The world No. 4 didn’t hit every shot sans mitten but enough of them that he was asked about the decision after his opening three-under 67. He said he went barehanded on most of his approaches but kept the glove on for wedge shots.
Morikawa said that during his early-week practice at TPC River Highlands he was “putting good swings” on his irons but his shots were consistently missing 30 feet left. At some point he discovered that when he removed his glove, his accuracy improved.
“When it comes down to it, our hands are what makes us such good athletes and such good golfers [because] we have so much feel,” he said Thursday. “For some reason when I’ve taken the glove off this week, it’s kind of worked.”
That is, when his grips haven’t been too slick.
“Problem is,” he said, “it’s really hot and it’s sweaty.”
Morikawa said his glove-be-gone strategy came to him as he was banging balls on the range Monday. As he was grooving his swing, he felt like he needed something, anything, to get himself on track.
“I’ve done bare feet, so no shoes, and that normally works, but I don’t think I’m going to do that,” he said. “It’s just trying a bunch of things. Look, we’re crazy. Honestly, we’re crazy because we try a lot of things, but that’s what makes us really good is we’re trying to find the little things.”
What’s wild is, Morikawa is one of the game’s elite ball-strikers. He ranks 4th on Tour this season in SG: Approach to Green and at the U.S. Open at Oakmont last week tied for second in greens in regulation, with a dazzling 75% success rate. Of course, here’s another thing about golfers, even the world’s best: they’re always searching. “I know I can get better and feel more comfortable,” Morikawa said.
Whether the tactic paid dividends for Morikawa in the opening round is hard to say — it’s impossible to conduct a statistical deep dive without knowing exactly which shots he hit without a glove — but at least one gloveless swing resonated with him: his tee shot on the par-3 16th (see video above), a high, arcing fade that landed about 5 feet left of the hole and stayed there, leading to his fourth birdie of the round. “Exactly how I am used to seeing shots,” he said later. “Obviously, it doesn’t have to be 5 feet, but just the curvature of the shot is what I was really, really happy to see.”
No word yet on whether Morikawa continued his glove-free play in the second round, but in tough, windy conditions he shot 71 and, as of this writing, is tied for 24th.
While rare, gloveless play on Tour isn’t unprecedented. Fred Couples has played his whole career with naked hands, a habit he developed as a kid when his parents didn’t want to buck up for gloves.

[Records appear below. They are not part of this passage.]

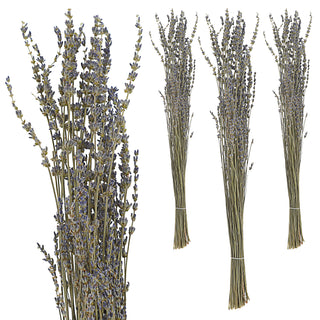 Lavendelzweig Bündel 45-55cm grün blau Lavendel getrocknet Dekozweige Lavendelstrauß Trockenpflanze konserviert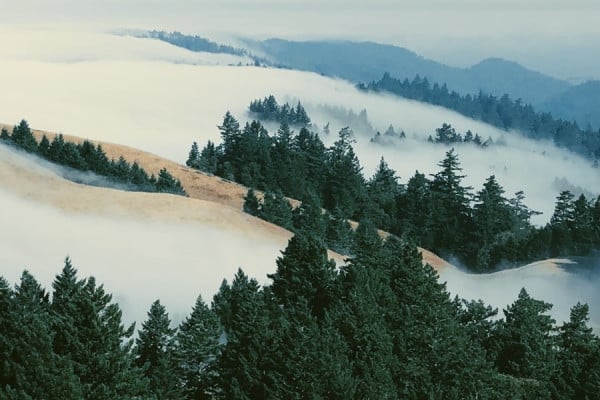 Marin County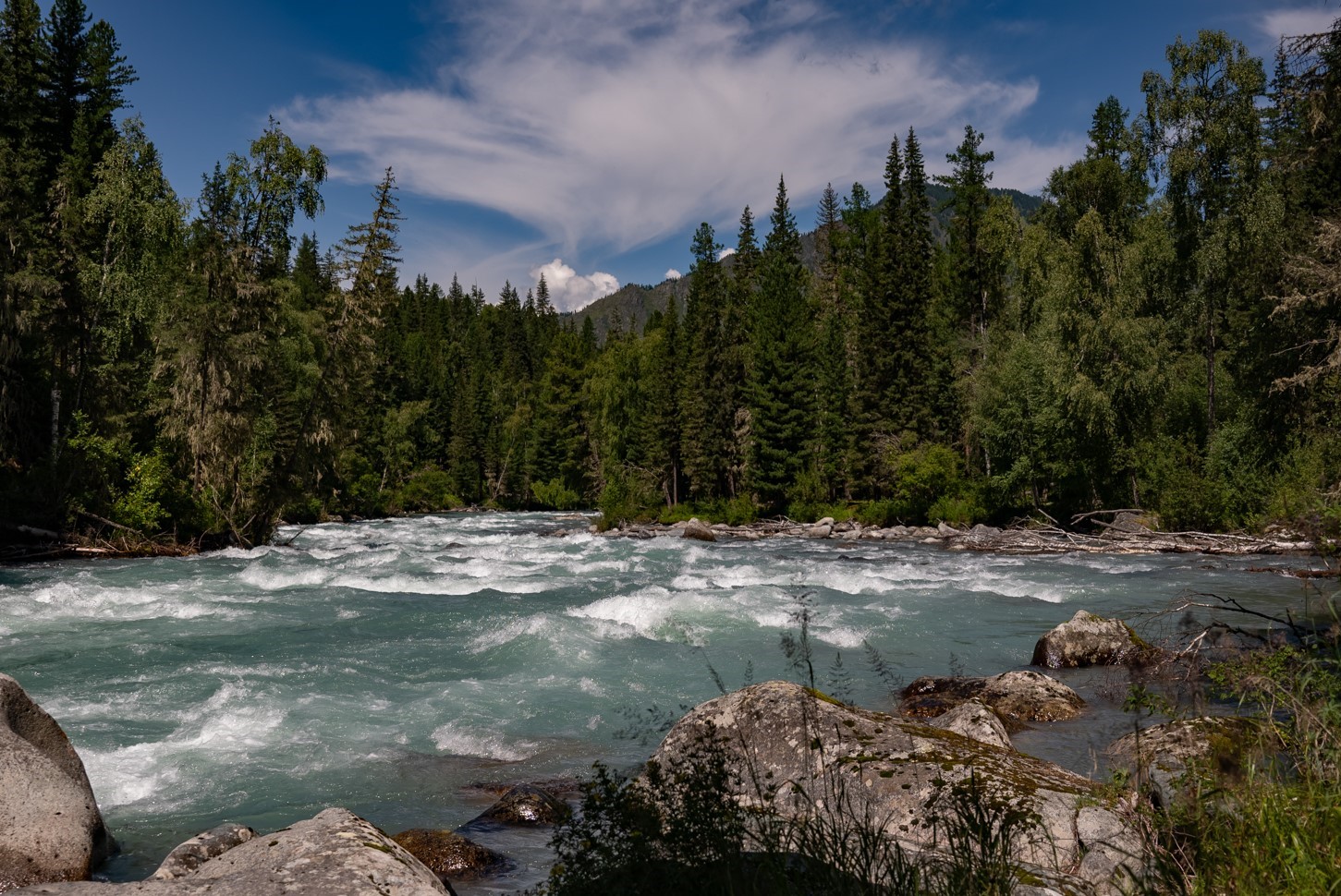 Пеший поход к Белухе с вьючными лошадьми (3/50)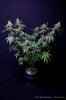 cannabis-spacedawg3-d51-4253.jpg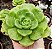 A. LILY PAD POTE 9 - Imagem 1
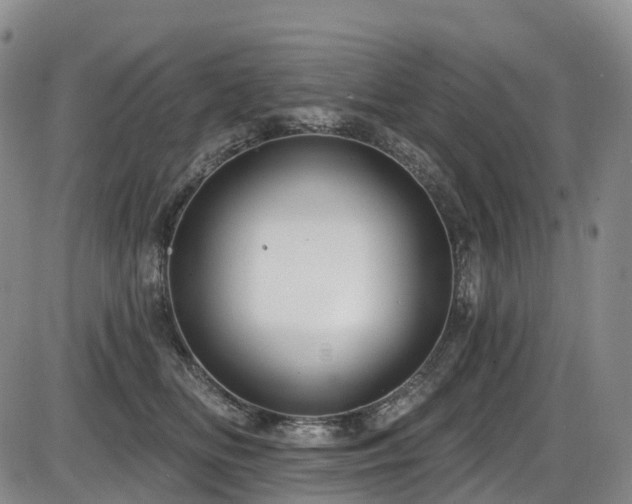 X0000086300518200703301205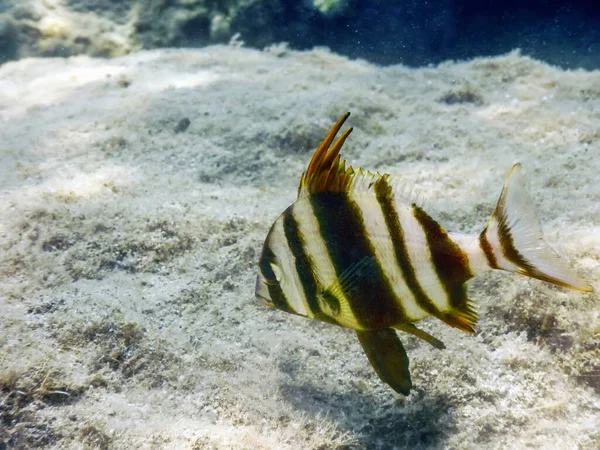 Cantarilho Mar Subaquático Pagrus Auriga Sob Mar Bela Peixe — Fotografia de Stock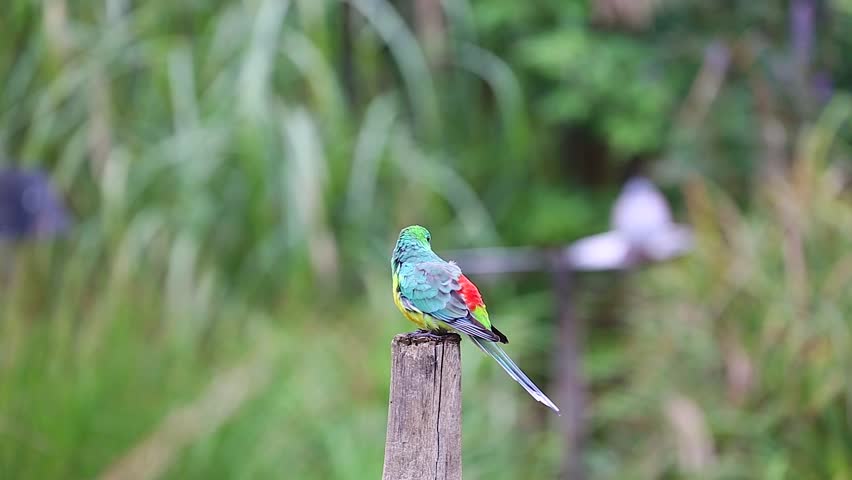 Red-Rumped Parrot On A Wooden Post | Shutterstock HD Video #19882867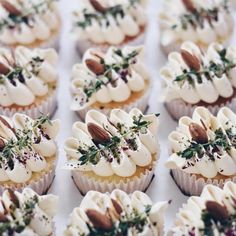 many cupcakes with white frosting and toppings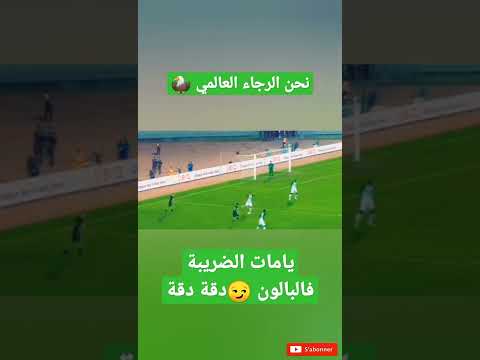 فيديو: عرجاء صبار عيد الميلاد: ما الذي يسبب ذبول أو تعرج فروع صبار عيد الميلاد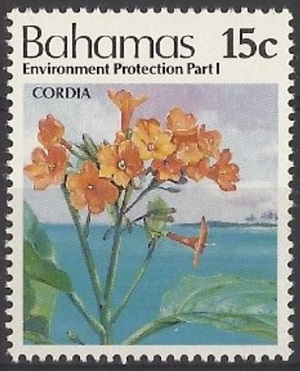 Bahamas 1993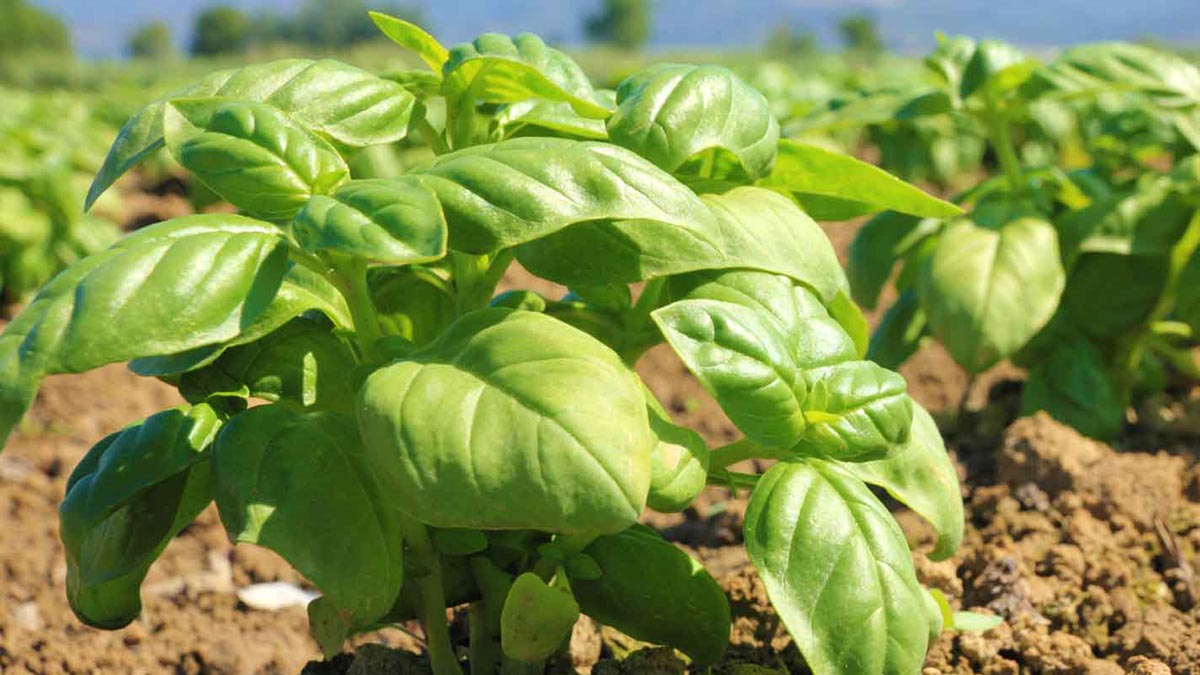 Какие растения отпугивают змей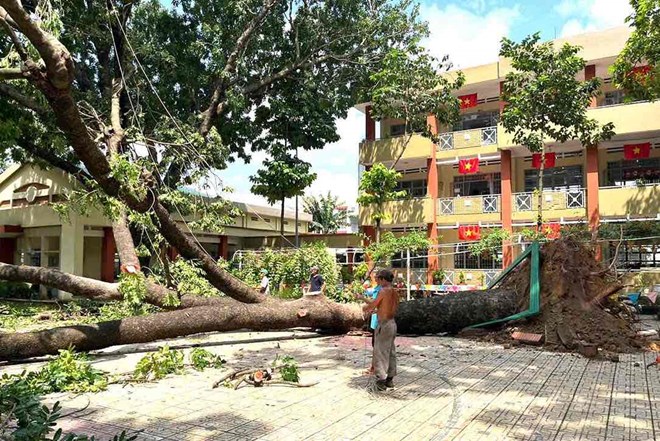 Mưa lớn kèm gió mạnh, cây xà cừ đổ sập trong trường tiểu học ở Đồng Nai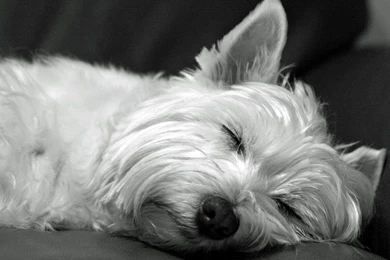 West Highland White Terrier   Wallpaper.
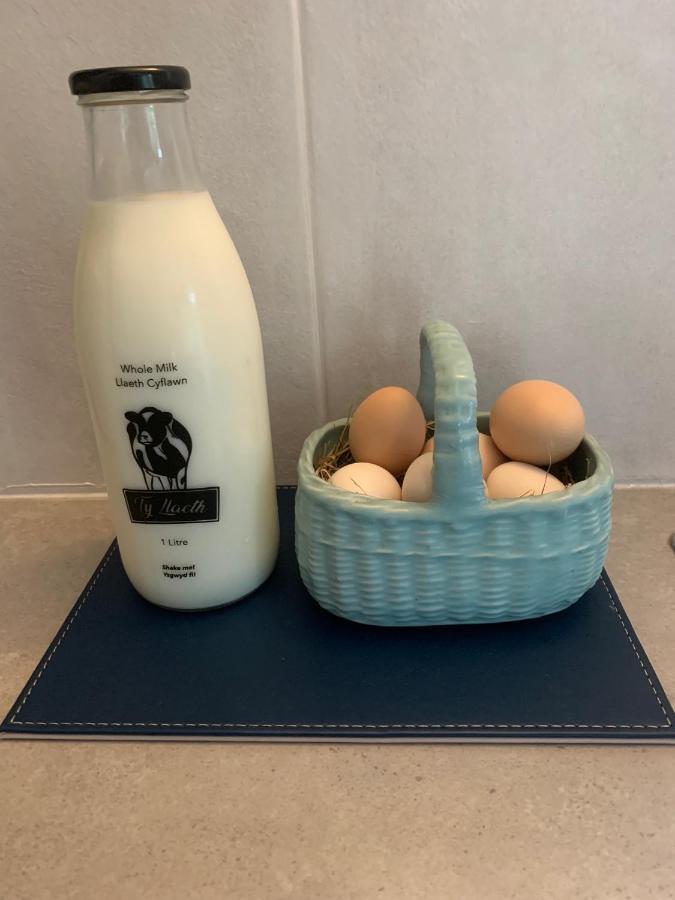 스완지 The Little Cow Shed 빌라 외부 사진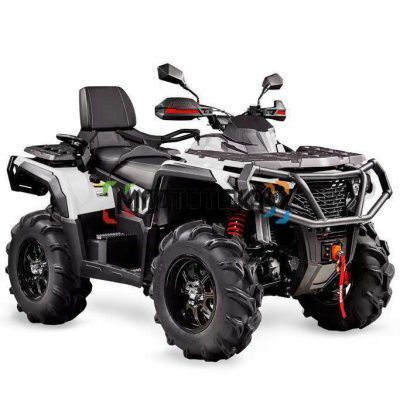 Квадроцикл AODES (Аодес) Pathcross ATV650L PRO EPS LCD двухместный белый с ПСМ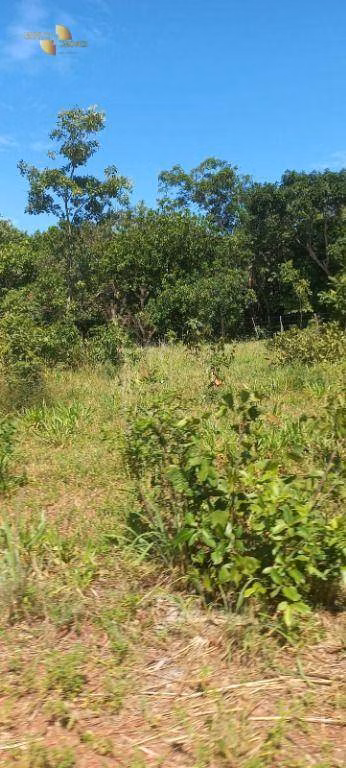 Fazenda de 2.200 ha em Rosário Oeste, MT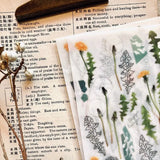 Some Sort of Fern Transfer Sticker - Dandelion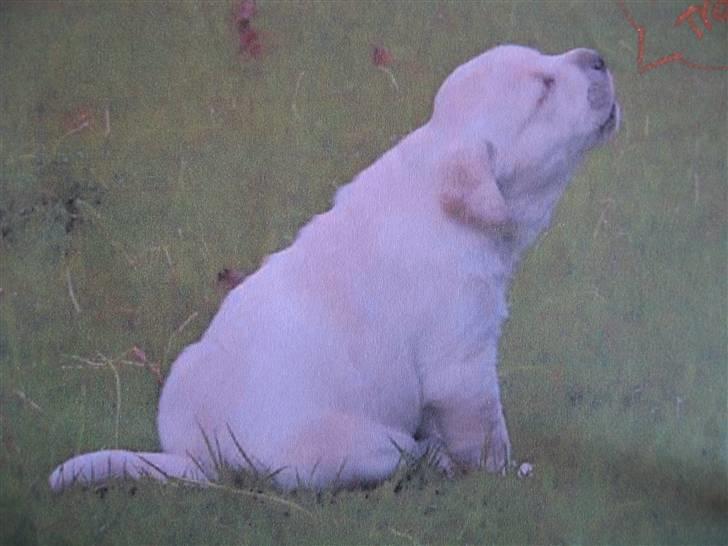 Labrador retriever Max - uh!!!  jeg mangler minm "moaaa" billede 11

Ben Hogan and Moe Norman also didn’t wear gloves. Same went for three U.S. Open winners in Lee Janzen, Corey Pavin and Scott Simpson. Among the contemporary set of gloveless Tour pros, Lucas Glover — yep, also a U.S. Open winner — is the best known.
“Never ever wore one,” he said on a 2021 appearance on GOLF’s Subpar. “Years ago, [teaching pro] Dick Harmon, in Houston, he’d cut the fingers out for me, hitting a bunch of balls when I was a kid. He said, well you gotta try it, your hands are gonna hurt, bleed or whatever. I said, well, I can’t really feel the club. He goes, well, if that’s the case, let’s not do that when it matters. So we kinda of stayed away from it. Just never got into it. I’m a solid 10-handicap with a glove.”